London - Insurance and pensions heavyweight Standard Life became the first major company to warn it could move parts of its business out of Scotland if Scots split from the United Kingdom, dealing a blow to the independence movement.
The company, which has been based in Scotland for 189 years, announced on Thursday that it had a contingency plan to partly move from Scotland, potentially putting 5 000 jobs at risk.
Chief executive David Nish said it had started setting up registered companies in England "as a precautionary measure" into which it could transfer operations if Scots voted on September 18 to end a 307-year union with England.
Nish said the steps were necessary due to uncertainty over how an independent Scotland would work, including what currency it would use and if it would achieve its goal of European Union membership.

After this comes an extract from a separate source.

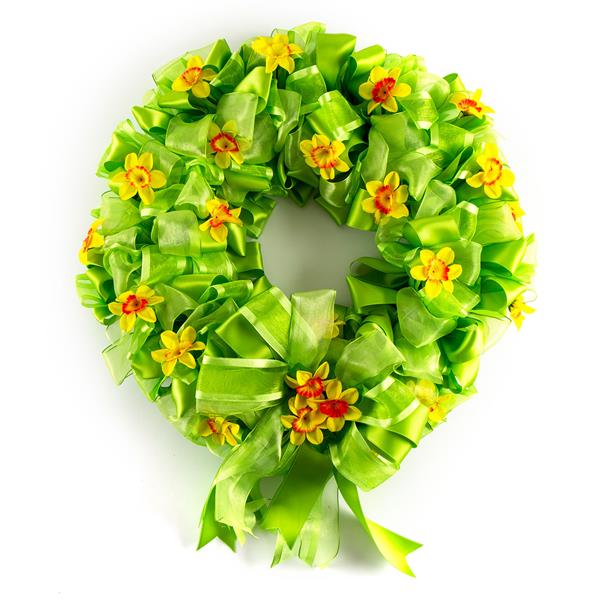 Dawn Bibby Spring Narcissus Wreath Kit - 180777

A war over currency has ignited the independence debate in recent weeks, with Scottish leader Alex Salmond wanting to share the pound in a currency union but the rest of the British parties rejecting this proposal.
Nish stressed Standard Life was maintaining a position of "strict political neutrality".
"We have started work to establish additional registered companies to operate outside Scotland into which we could transfer parts of our operations if it was necessary to do so," Nish told reporters on a conference call on Thursday.
"This is a precautionary measure to ensure continuity of our business' competitive position and to protect the interests of our stakeholders."
Scotland is home to the second largest financial services industry in the United Kingdom, employing about 85 000 peoople directly and another 70 000 in support companies.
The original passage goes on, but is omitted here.